And though voters in Woodlawn precincts overwhelmingly backed a comprehensive community benefits ordinance in a referendum last year, Mayor Lori Lightfoot’s administration has come out with a somewhat watered-down version. In particular, affordability requirements for new development will have to wait until a task force studying the Affordable Requirements Ordinance issues recommendations, months from now. The Coalition for an Obama Center CBA has pointed out that higher affordability requirements have already been implemented in other communities where displacement is a threat. The group is also calling for setting affordability standards at a level appropriate for community residents.
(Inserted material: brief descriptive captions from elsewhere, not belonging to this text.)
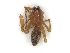  ( - CBG-A27536-H02)  @11 [ ] CreativeCommons - Attribution Share-Alike (2024) CBG Photography Group Centre for Biodiversity Genomics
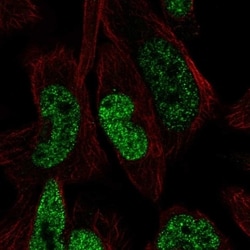 Invitrogen Fggy Polyclonal Antibody 100 &mu;L; Unconjugated:Antibodies,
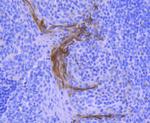 Cytokeratin 4 Antibody in Immunohistochemistry (Paraffin) (IHC (P))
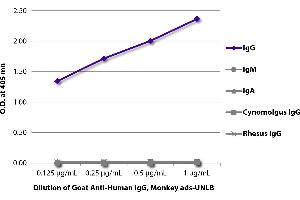 Image no. 1 for Pig anti-Goat IgG (Heavy & Light Chain) antibody (HRP) (ABIN376329)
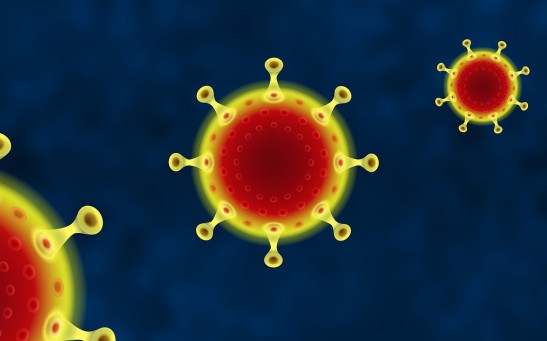 coronavirus immunity antibodies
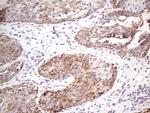 STOML2 Antibody in Immunohistochemistry (Paraffin) (IHC (P))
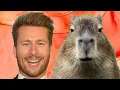 Glen Powell s Capybara Moment Goes Viral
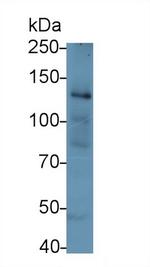 COL1A1 Antibody in Western Blot (WB)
In contrast to Emanuel’s purported 606 housing initiative, Lightfoot’s plan (which will be presented at a meeting Jan. 30 at Hyde Park High School) does include several new initiatives — including a right of first refusal for tenant associations to partner with nonprofit housing developers when buildings go on the market, a commitment to using city-owned vacant land for affordable and mixed-income housing, and financial assistance for homeowner repairs and for acquiring and rehabbing vacant residential buildings.

Tuesday, the CBA Coalition came out against the ordinance, calling it inadequate, and 20th Ward Ald. Jeanette Taylor said she would oppose it.

Calling the proposed framework “a first step” that reflects broad community input, Department of Housing spokesperson Don Terry emphasized in a statement that “we are committed to working in earnest with the Woodlawn community and a wide range of stakeholders to advance more comprehensive policies that will expand access to affordable housing more broadly.”

Whether it’s enough to stem the tide at this late date remains to be seen. I’m not sure the goal should be to ignore community input and rush through the federal review process in order to break ground as soon as possible, as Lightfoot told the Sun-Times this week. It would be a shame if one of Barack Obama’s legacies was the lesson — previously learned at the 606 — that big development projects require advance planning to address housing inflation and displacement.